Securities investment fund is a collective securities investment model with coexisting interests and sharing risks, that is, by issuing fund shares, investors' funds are concentrated, managed by fund custodians and managed and used by fund managers. People usually refer to funds mainly as securities investment funds. There are three main analysis methods of securities investment: basic analysis, technical analysis and evolution analysis, in which the basic analysis is mainly applied to the selection of investment objects, while the technical analysis and evolution analysis are mainly applied to the temporal and spatial judgment of specific investment operations as an important supplement to improve the effectiveness and reliability of investment analysis.

According to different standards, investment funds can be divided into different types.

1. According to whether the fund units can be increased or redeemed, investment funds can be divided into open-end funds and closed-end funds. Open-end fund refers to an investment fund with a fixed scale. After the fund is established, investors can purchase or redeem the fund shares at any time. Closed-end fund refers to an investment fund whose fund scale has been determined before issuance and fixed within a specified period after issuance.

2. According to different organizational forms, investment funds can be divided into corporate investment funds and contractual investment funds. Corporate investment fund is a profit-oriented joint-stock investment company composed of investors with common investment goals, and invests their assets in specific objects; Contractual investment funds, also known as trust investment funds, refer to investment funds formed by fund sponsors issuing fund shares according to fund contracts concluded with fund managers and fund custodians.

3. According to the difference between investment risk and expected annualized expected return, investment funds can be divided into growth investment funds, income investment funds and balanced investment funds. Growth-oriented investment funds refer to investment funds whose investment purpose is to pursue long-term capital growth; Income fund refers to an investment fund whose purpose is to bring high-level current income to investors; Balanced investment fund refers to the investment fund whose purpose is to pay the current income and pursue the long-term growth of capital.

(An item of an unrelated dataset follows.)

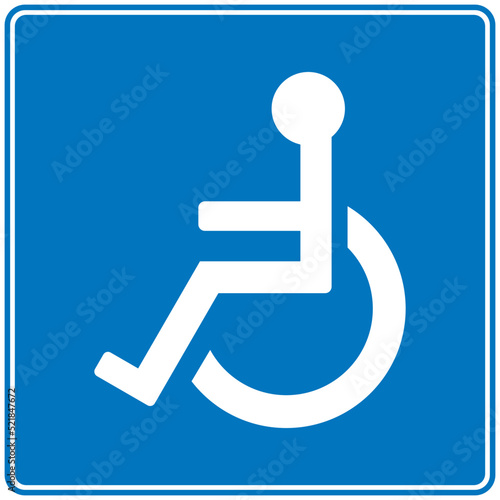 disabled person wheelchair sign vector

4. According to different investors, investment funds can be divided into stock funds, bond funds, money market funds, futures funds, option funds, index funds and warrant funds. Stock fund refers to an investment fund with stocks as the investment object; Bond funds refer to investment funds that invest in bonds; Money market funds refer to investment funds that invest in short-term securities in the money market, such as treasury bills, negotiable certificates of deposit of large banks, commercial bills, corporate bonds, etc. Futures funds refer to investment funds that mainly invest in various futures varieties; Option fund refers to an investment fund that takes stock options that can distribute dividends as the investment object; Index fund refers to an investment fund that takes the price index of a securities market as the investment object; Warrant fund refers to an investment fund with warrants as its investment object.

Different types of funds have different risks.

1, equity fund. Mainly invest in stocks and bonds, and the stock ratio is generally not less than 60%; It has obvious characteristics of high expected annualized expected income and high risk; It is mainly suitable for active investors who are willing to take higher risks and pursue high expected annualized expected returns.

2. Funds allocated. Mainly invest in stocks and bonds, but the upper limit of investment in stocks is subject to 60%; Relatively speaking, it has the characteristics of higher expected annualized expected return and greater risk; It is mainly suitable for stable investors who are willing to take certain risks and pursue higher expected annualized expected returns.

3. Bond funds. More than 80% are mainly invested in government bonds, convertible bonds and corporate bonds; {Some are allocated a small percentage of shares}; The risk is low, and the expected annualized expected return is average; Suitable for conservative investors who pursue relatively safe principal and slightly higher return.

4. Capital preservation fund. The investment object is mainly bonds, with a certain proportion of stocks; It has the characteristics of capital preservation, average expected annualized income and poor liquidity; Suitable for conservative investors who are willing to sacrifice liquidity, pursue absolute security of principal and slightly higher return.

5. Money market funds. Mainly invest in short-term treasury bonds, financial bonds, central bank bills and deposits; It has the characteristics of safe principal, high liquidity, low risk and low expected annualized expected return.

According to the degree of risk, stock funds can be divided into: balanced, stable, exponential, growth and growth. Of course, the greater the risk, the higher the expected annualized expected rate of return; The risk is small, and the expected annualized expected return is correspondingly low.